> **Task requirements**
A faithful copy of every entry, with the pictures removed, is what is needed here.

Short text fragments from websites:
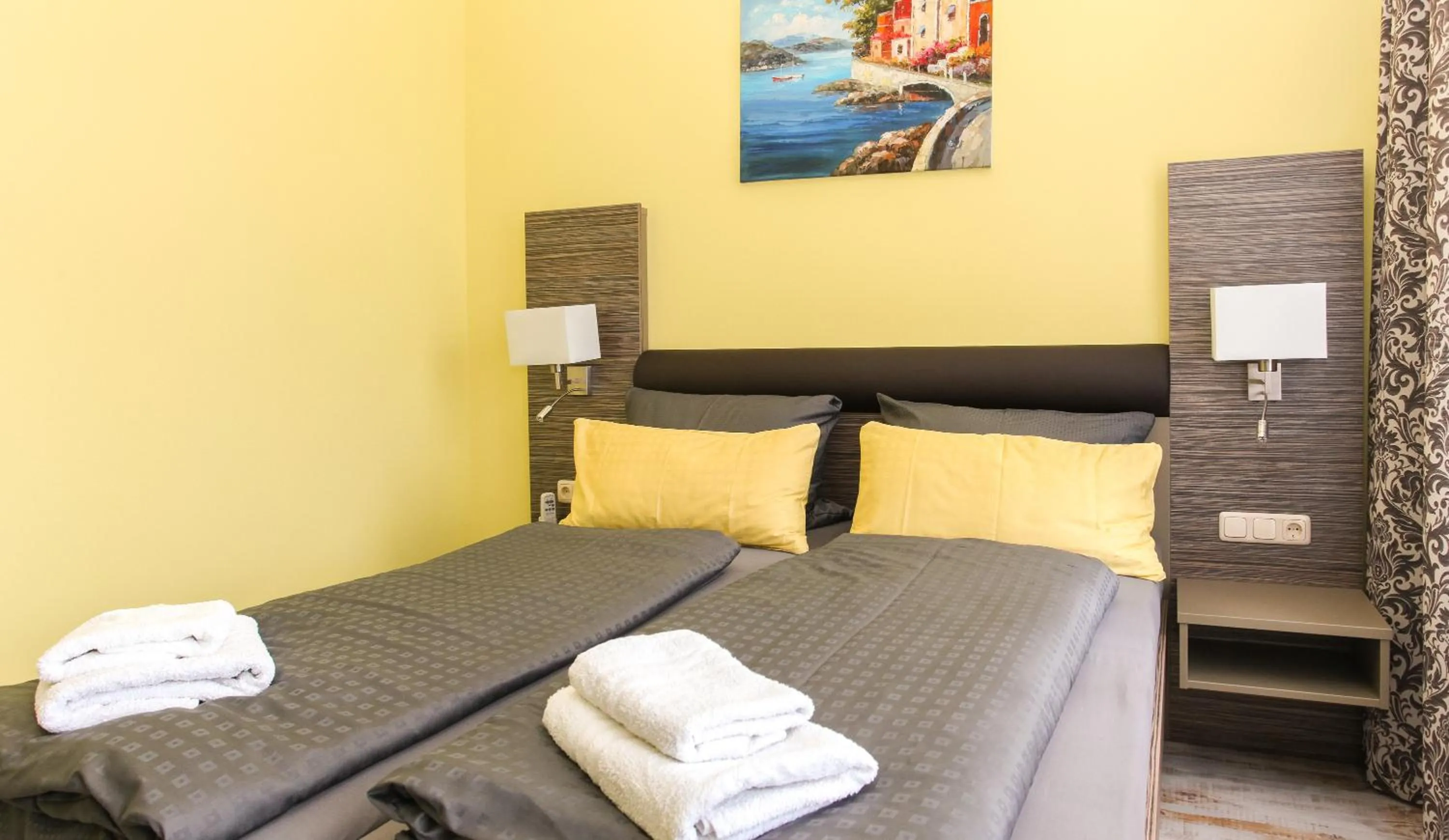 Double Room with Private Bathroom - single occupancy in Restaurant & Pension Eshramo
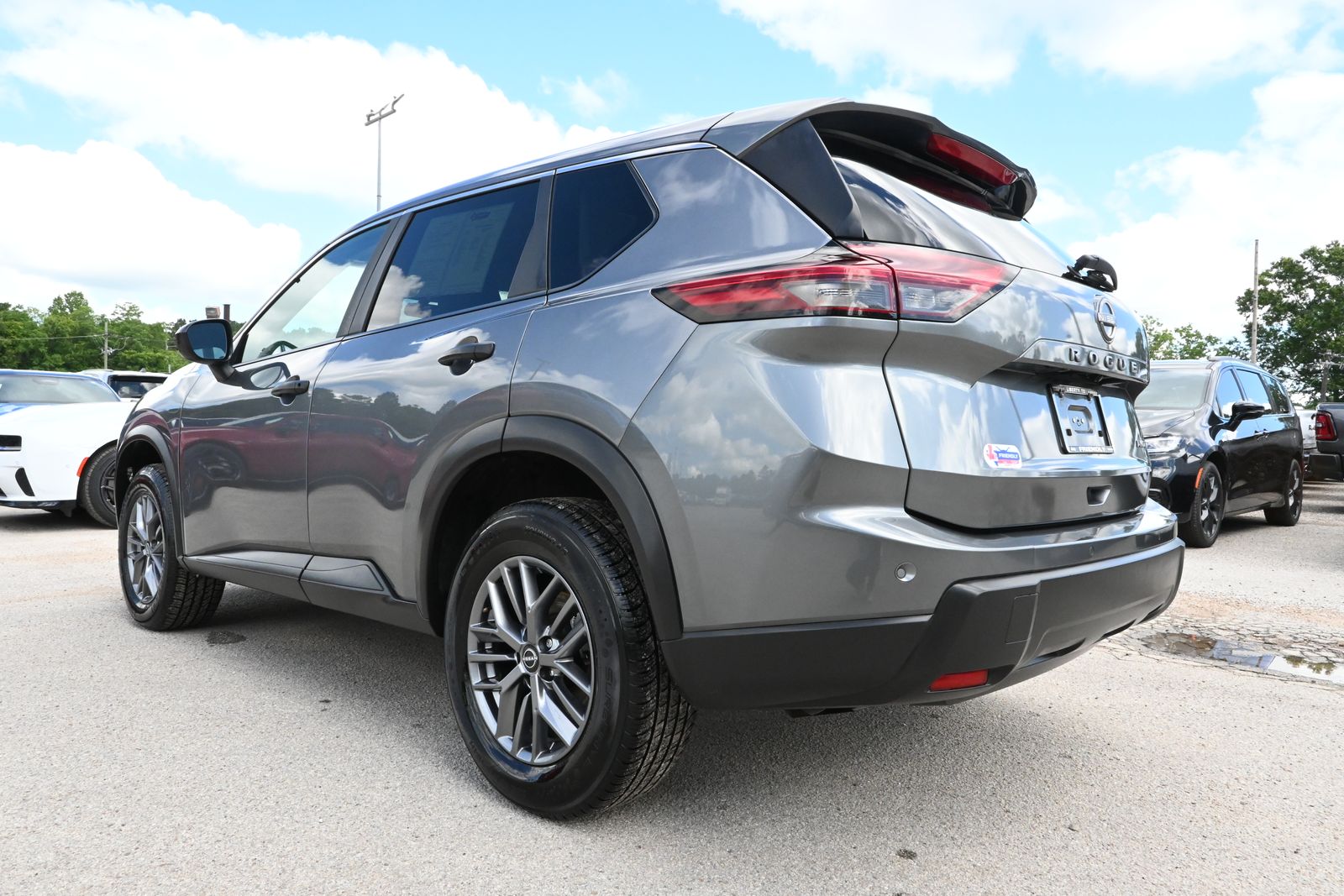Used 2024 Nissan Rogue S with VIN 5N1BT3AB8RC682490 for sale in Liberty, TX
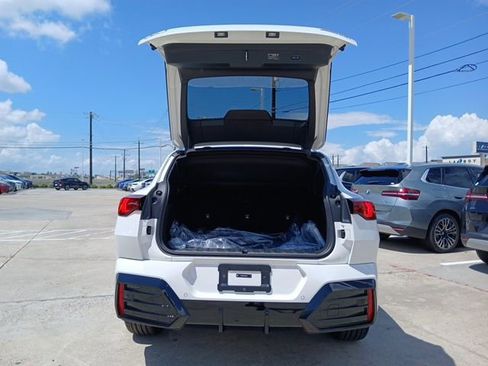 New 2026 BMW X2 xDrive28i AWD/4WD image 9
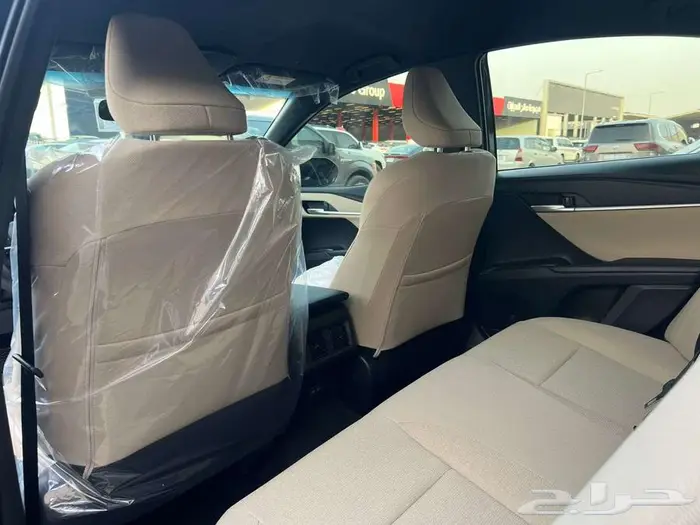 كامري استندر بنزين 2025 عبداللطيف صادر لوحات 10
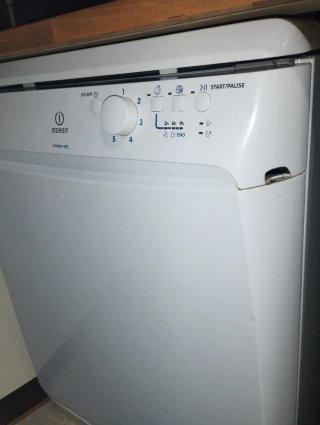 Urge Lavavajillas Indesit para reparar o despiece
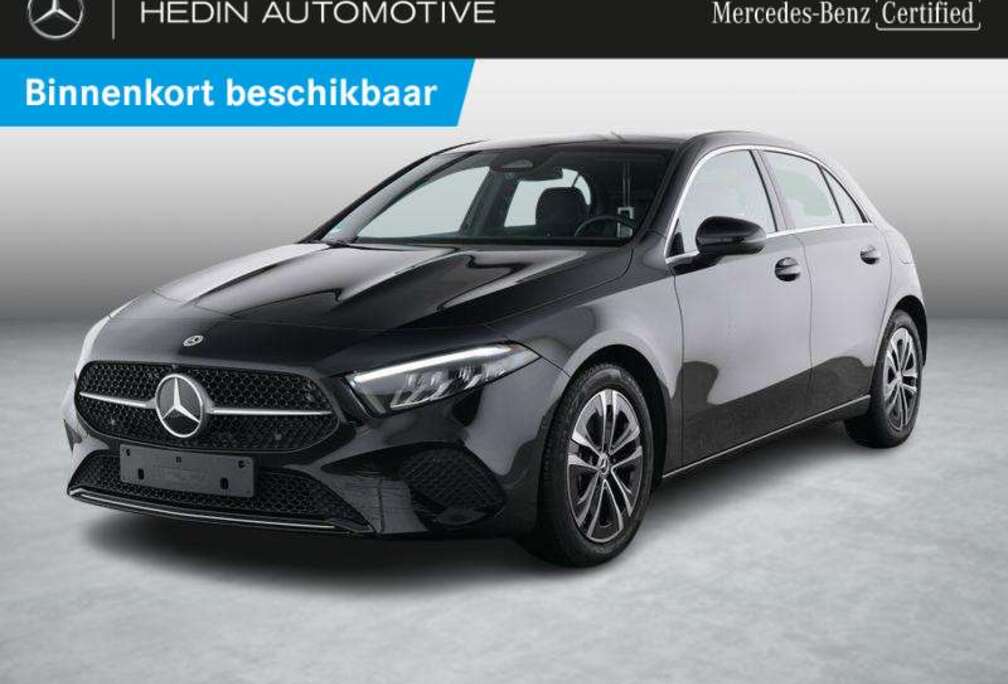 Mercedes-Benz Hatchback Luxury Line | Panoramisch Dak | Dodehoek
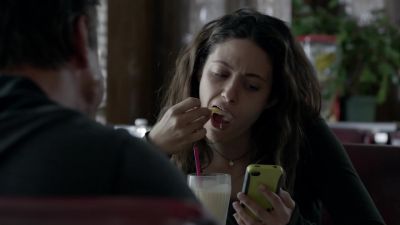 Another romantic meal with
just the three of us. - Shameless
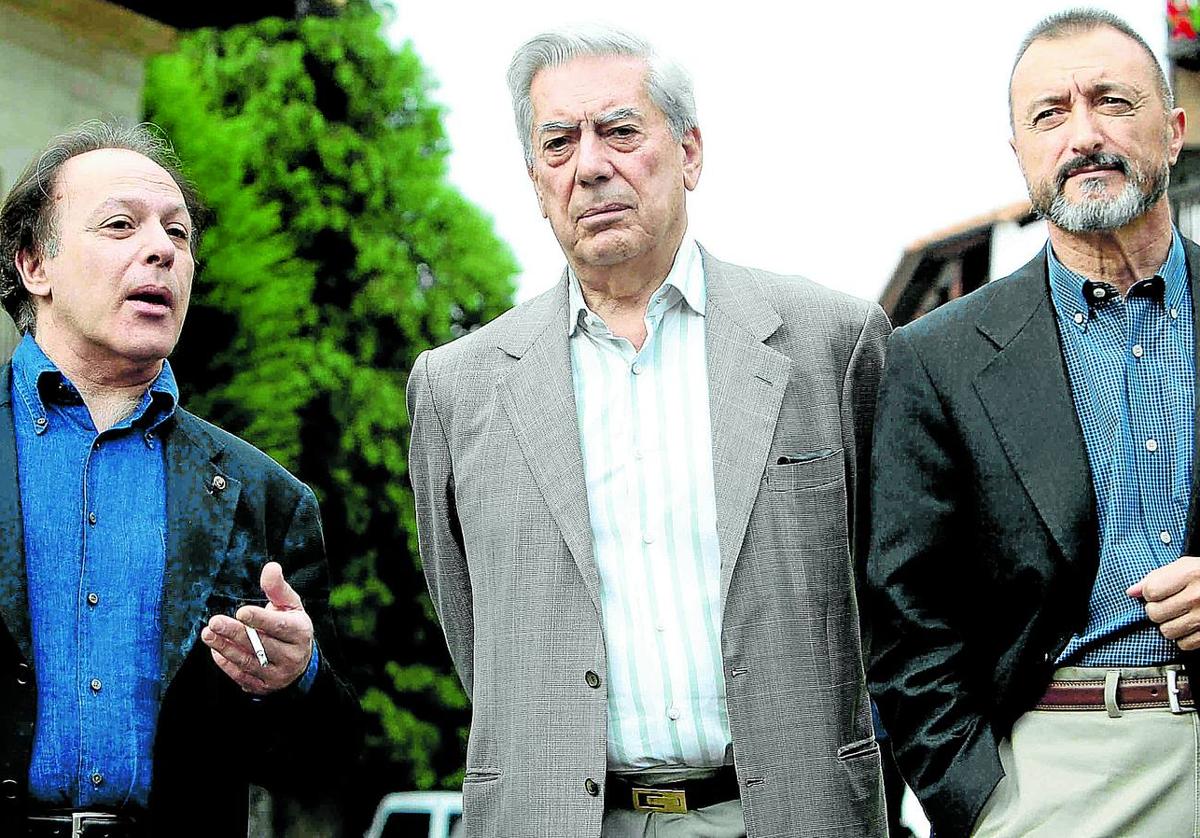 Javier Marías, Mario Vargas Llosa y Arturo Pérez-Reverte en 2008, en un encuentro organizado por la Universidad Internacional Menéndez Pelayo.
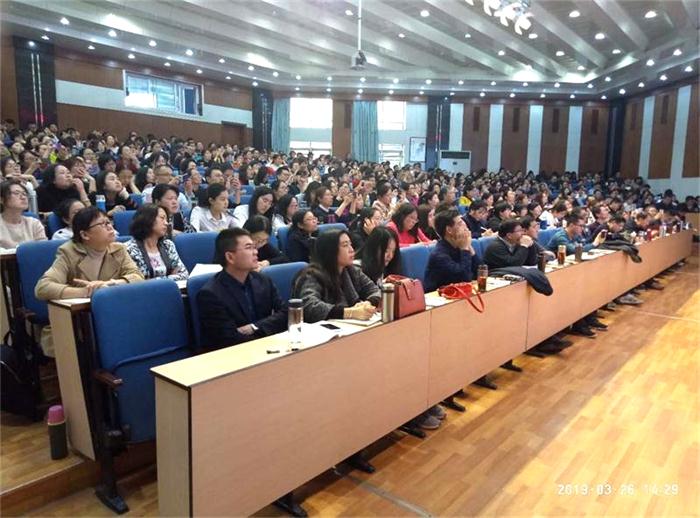 校园新闻 | 潍坊市高中语文教学研讨会在我校举行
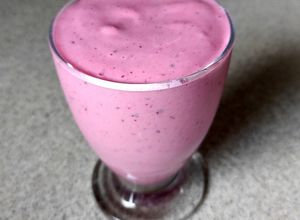 Zdjęcie przepisu Shake owocowo - jogurtowy.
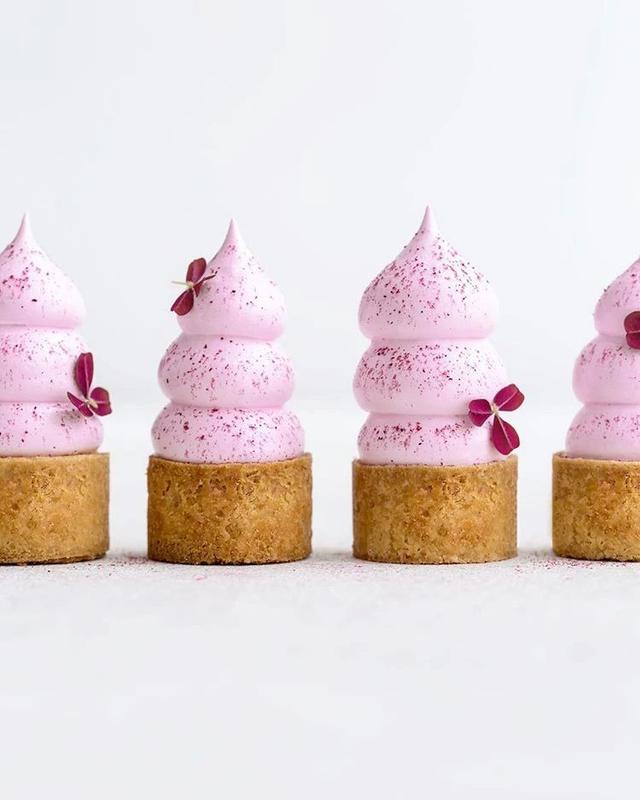 70款创意蛋糕设计（这40款简约风蛋糕）(36)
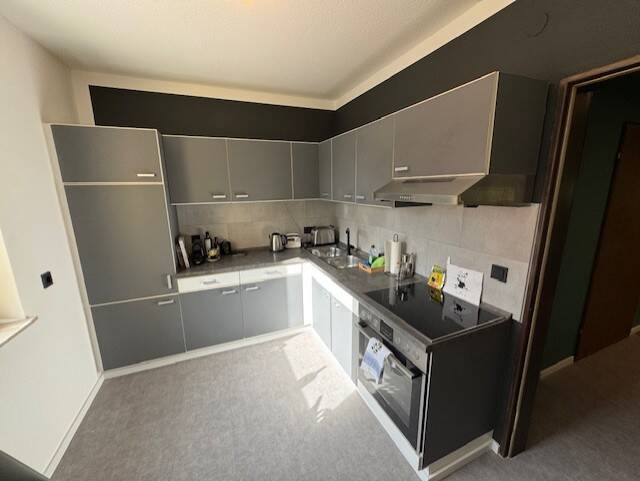 Moderne möblierte 2-Zimmer-Wohnung in ruhiger Lage von Zirndorf – Ideal für Singles oder Paare!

> **Result**
 Double Room with Private Bathroom - single occupancy in Restaurant & Pension Eshramo
Used 2024 Nissan Rogue S with VIN 5N1BT3AB8RC682490 for sale in Liberty, TX
 New 2026 BMW X2 xDrive28i AWD/4WD image 9
 كامري استندر بنزين 2025 عبداللطيف صادر لوحات 10
 Urge Lavavajillas Indesit para reparar o despiece
 Mercedes-Benz Hatchback Luxury Line | Panoramisch Dak | Dodehoek
 Another romantic meal with
just the three of us. - Shameless
 Javier Marías, Mario Vargas Llosa y Arturo Pérez-Reverte en 2008, en un encuentro organizado por la Universidad Internacional Menéndez Pelayo.
 校园新闻 | 潍坊市高中语文教学研讨会在我校举行
 Zdjęcie przepisu Shake owocowo - jogurtowy.
 70款创意蛋糕设计（这40款简约风蛋糕）(36)
 Moderne möblierte 2-Zimmer-Wohnung in ruhiger Lage von Zirndorf – Ideal für Singles oder Paare!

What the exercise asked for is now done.